Burt’s Bees responded:
Hi again, Jennifer. We’re happy to clarify things! In early 2015, we sold four products in China as part of a limited program necessitated to ensure our business was protected in that market, where counterfeit products were falsely being sold under our name. This limited test was not driven by and did not result in profit, but involved extensive resource investment and consultation with experts in multiple fields to ensure we proceeded without any compromise to our unyielding commitment to our no animal testing policy. The formulas for these products, which were classified as “non-special use cosmetics,” used only ingredients listed on the Inventory of Existing Cosmetic Ingredients in China (IECIC), underwent a paper risk assessment of raw materials, and therefore were exempt from pre-market animal testing. Our in-market regulatory experts advise us that China has not been actively engaged in post-market animal testing since 2008, and are instead focused on specific restricted substances, which did not apply to these Burt’s Bees products.
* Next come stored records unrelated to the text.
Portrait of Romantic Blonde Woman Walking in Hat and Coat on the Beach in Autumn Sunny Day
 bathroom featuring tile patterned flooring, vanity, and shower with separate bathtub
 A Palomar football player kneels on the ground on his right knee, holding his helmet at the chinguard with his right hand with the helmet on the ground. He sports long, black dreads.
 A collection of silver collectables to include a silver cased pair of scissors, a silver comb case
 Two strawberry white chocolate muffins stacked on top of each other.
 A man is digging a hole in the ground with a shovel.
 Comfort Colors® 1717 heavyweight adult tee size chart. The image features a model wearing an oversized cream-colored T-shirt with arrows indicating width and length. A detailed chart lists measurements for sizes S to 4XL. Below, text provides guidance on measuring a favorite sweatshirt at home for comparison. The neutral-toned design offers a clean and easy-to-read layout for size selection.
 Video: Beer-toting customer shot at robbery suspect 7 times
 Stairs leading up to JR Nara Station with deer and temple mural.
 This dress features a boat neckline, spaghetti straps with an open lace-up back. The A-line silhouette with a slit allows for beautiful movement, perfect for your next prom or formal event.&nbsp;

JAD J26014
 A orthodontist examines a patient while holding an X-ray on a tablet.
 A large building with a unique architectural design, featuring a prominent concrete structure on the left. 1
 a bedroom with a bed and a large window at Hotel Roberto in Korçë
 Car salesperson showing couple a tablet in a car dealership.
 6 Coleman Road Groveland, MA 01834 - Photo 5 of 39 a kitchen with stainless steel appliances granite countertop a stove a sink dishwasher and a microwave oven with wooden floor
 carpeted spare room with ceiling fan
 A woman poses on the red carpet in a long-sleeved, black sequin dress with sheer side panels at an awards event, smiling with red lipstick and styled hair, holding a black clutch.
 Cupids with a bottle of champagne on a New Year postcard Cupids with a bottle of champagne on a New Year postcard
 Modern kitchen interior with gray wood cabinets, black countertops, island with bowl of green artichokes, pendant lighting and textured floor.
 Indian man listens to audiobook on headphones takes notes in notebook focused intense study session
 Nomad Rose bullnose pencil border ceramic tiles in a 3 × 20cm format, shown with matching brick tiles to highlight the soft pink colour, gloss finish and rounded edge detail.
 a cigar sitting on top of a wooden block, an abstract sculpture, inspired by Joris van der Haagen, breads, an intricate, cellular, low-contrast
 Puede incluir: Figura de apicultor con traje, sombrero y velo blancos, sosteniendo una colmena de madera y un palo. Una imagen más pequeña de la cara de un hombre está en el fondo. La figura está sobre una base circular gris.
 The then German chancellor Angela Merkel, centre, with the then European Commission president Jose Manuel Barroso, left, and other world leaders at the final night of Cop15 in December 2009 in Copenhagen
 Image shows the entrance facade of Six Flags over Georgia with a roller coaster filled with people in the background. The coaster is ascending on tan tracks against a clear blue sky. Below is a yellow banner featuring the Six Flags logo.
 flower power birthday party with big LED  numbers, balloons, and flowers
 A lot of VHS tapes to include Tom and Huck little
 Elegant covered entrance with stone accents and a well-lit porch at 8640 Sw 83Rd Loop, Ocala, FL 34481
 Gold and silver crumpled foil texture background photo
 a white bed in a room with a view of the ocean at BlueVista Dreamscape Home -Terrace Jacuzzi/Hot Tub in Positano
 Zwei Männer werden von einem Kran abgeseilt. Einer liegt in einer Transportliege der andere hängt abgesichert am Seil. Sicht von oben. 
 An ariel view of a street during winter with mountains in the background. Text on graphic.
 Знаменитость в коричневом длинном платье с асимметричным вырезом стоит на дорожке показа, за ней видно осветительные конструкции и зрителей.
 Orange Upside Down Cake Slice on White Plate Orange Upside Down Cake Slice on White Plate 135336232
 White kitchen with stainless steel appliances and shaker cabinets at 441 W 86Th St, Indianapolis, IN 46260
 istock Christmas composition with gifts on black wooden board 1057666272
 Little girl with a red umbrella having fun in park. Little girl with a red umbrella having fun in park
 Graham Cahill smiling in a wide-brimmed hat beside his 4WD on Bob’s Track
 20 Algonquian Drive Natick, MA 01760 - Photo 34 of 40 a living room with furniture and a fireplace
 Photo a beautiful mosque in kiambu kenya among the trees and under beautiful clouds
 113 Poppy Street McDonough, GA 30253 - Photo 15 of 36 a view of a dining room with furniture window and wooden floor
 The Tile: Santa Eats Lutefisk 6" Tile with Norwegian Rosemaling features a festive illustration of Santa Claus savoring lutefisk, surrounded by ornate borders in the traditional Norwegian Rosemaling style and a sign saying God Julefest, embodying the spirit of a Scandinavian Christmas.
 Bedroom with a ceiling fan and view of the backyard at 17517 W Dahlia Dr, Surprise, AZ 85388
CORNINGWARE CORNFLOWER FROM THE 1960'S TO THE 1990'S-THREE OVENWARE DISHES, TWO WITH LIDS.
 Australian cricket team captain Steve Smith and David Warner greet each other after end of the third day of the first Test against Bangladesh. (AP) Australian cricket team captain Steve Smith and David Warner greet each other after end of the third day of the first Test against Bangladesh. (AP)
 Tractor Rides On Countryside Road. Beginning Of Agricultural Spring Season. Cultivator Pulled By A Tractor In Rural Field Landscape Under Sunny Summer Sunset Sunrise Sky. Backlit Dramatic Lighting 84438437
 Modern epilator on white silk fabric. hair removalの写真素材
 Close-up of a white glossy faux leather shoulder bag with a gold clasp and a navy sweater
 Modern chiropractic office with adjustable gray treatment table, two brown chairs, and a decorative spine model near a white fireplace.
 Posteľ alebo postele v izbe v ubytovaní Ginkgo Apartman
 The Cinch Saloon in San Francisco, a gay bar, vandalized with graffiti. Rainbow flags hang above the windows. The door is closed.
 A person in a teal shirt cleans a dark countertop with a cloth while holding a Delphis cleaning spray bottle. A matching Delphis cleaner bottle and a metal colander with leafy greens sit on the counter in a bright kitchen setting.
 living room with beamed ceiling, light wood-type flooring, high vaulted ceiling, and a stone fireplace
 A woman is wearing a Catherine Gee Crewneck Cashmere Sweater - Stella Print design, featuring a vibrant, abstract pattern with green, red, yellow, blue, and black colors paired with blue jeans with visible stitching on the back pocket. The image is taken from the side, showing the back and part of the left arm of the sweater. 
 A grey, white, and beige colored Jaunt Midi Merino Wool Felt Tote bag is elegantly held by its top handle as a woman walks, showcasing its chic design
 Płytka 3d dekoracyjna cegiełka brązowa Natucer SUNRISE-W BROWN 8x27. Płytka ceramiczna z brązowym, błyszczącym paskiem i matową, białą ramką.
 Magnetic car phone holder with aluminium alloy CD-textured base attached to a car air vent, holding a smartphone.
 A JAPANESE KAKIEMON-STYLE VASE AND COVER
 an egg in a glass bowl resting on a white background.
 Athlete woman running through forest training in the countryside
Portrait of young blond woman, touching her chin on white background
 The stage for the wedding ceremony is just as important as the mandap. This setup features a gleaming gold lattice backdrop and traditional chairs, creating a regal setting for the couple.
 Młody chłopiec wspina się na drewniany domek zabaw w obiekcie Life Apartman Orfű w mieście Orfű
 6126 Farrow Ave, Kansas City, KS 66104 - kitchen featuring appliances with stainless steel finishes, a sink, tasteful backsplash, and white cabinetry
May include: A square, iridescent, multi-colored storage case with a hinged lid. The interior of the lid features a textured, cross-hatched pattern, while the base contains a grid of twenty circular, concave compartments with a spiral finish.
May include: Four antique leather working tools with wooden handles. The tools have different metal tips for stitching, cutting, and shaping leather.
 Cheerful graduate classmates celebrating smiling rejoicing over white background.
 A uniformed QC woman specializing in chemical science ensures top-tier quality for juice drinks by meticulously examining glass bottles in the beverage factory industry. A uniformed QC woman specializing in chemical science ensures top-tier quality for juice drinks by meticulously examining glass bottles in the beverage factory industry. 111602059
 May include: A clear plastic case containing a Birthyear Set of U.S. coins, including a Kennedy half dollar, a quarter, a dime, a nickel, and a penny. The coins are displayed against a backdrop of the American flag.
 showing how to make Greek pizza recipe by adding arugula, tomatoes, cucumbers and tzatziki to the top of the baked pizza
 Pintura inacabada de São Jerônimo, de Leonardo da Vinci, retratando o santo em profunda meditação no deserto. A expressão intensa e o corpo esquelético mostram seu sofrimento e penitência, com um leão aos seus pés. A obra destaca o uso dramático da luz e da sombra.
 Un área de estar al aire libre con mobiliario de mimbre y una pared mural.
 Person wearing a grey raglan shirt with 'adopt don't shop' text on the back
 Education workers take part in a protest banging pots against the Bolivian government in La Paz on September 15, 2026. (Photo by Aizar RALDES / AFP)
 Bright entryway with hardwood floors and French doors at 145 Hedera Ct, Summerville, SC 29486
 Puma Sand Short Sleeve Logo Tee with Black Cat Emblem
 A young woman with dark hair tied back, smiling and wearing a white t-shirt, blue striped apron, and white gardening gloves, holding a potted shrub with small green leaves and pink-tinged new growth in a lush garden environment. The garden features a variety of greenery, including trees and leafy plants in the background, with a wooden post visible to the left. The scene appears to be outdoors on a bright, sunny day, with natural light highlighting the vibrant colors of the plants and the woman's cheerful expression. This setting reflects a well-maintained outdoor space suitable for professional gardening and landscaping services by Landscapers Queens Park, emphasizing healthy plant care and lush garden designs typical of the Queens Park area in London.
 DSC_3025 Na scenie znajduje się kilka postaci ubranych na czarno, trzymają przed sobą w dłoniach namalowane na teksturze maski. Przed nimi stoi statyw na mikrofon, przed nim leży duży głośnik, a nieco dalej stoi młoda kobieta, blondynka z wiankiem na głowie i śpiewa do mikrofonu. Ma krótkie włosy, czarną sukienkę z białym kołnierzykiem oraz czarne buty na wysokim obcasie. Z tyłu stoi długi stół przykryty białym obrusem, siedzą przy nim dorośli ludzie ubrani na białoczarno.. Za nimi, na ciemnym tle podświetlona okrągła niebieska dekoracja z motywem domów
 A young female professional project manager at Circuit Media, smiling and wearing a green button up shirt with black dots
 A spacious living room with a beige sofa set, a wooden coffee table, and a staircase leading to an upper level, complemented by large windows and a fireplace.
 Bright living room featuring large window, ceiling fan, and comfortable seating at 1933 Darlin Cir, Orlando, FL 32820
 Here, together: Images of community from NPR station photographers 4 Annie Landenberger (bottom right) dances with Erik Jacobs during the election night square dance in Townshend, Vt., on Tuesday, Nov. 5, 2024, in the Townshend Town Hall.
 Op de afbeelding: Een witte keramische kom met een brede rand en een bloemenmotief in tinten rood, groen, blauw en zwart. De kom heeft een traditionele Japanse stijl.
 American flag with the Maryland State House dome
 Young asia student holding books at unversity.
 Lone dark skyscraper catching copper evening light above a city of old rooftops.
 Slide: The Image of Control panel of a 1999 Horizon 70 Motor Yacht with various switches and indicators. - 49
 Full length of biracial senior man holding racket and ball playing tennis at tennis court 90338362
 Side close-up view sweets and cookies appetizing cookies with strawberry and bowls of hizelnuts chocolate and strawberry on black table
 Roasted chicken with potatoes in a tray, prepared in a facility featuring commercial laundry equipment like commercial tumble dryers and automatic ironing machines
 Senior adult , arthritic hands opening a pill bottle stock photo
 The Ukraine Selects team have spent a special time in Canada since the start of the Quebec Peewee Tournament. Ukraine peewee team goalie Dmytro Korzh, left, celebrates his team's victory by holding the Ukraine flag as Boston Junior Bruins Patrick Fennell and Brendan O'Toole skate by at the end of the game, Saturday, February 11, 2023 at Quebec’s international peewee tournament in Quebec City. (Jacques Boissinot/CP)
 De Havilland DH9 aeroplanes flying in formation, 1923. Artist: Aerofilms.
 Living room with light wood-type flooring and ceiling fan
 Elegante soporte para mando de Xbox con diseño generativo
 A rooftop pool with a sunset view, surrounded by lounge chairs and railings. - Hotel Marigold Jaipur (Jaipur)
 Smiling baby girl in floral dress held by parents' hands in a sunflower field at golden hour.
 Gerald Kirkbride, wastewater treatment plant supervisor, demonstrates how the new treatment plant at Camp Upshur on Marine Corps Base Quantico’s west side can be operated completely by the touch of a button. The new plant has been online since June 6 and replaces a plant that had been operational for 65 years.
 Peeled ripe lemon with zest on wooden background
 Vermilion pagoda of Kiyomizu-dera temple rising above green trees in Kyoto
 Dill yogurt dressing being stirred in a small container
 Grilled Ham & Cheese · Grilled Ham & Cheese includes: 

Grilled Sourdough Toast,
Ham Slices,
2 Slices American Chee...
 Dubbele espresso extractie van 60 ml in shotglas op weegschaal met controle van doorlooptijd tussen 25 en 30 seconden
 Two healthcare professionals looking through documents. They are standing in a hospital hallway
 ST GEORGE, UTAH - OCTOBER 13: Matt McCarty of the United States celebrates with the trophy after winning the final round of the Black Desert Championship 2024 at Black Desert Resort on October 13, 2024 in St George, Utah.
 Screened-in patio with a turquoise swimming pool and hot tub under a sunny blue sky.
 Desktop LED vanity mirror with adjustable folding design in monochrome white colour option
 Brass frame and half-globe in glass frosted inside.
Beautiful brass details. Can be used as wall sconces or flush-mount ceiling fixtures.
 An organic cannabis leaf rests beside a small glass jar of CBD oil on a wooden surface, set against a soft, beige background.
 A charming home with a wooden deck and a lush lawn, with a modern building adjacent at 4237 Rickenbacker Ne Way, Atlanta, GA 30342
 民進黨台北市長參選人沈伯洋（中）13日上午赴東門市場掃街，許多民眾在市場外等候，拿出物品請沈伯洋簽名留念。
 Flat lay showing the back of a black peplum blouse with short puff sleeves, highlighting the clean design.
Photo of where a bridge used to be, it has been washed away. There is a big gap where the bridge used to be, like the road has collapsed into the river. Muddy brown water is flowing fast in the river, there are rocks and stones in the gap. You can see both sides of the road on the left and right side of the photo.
As you can see on China’s current CFDA site (http://www.sfda.gov.cn/WS01/CL1754/144621.html) detailing their testing, Burt’s Bees products are not listed among those subjected to post-market testing during this limited and now complete test.
With this test finished, as we mentioned earlier, Burt’s Bees is now only selling products in China via direct-to-consumer ecommerce, a channel which is exempt from Chinese animal testing regulations (pre or post-market). I hope this has clarified our position. Please don’t hesitate to let us know if we can help further.
I have heard from groups like the Humane Society Int’l that selling in China without testing is impossible and avoiding post-market testing (where Chinese officials literally pull things from shelves in retail stores and test them) is unavoidable. I have also heard that a VERY select few brands have gotten around this (generally speaking – by having deep pockets and oftentimes by paying for alternative non-animal tests). I believe the latter is the case for Burt’s Bees, and I am putting them back on the cruelty free beauty brands list.
March 2019 UPDATE: Both PETA and Cruelty Free International have both announced that post market testing in China is no longer an issue. Read more here.
Edit: Another thing that may or may not be a concern for some. Burt’s Bees is owned by Clorox (a non-cruelty free company). I personally support all cruelty free brands, regardless of their parent company. I believe that supporting animal-friendly companies goes a long way toward the eventual elimination of animal testing. If the parent companies see the successes of their brands who do not test, it’s a win. It’s also a win for the animal-friendly companies to get larger distribution in mass channels by being involved with huge companies. That’s my personal opinion and I invite you to make up your own mind on the matter!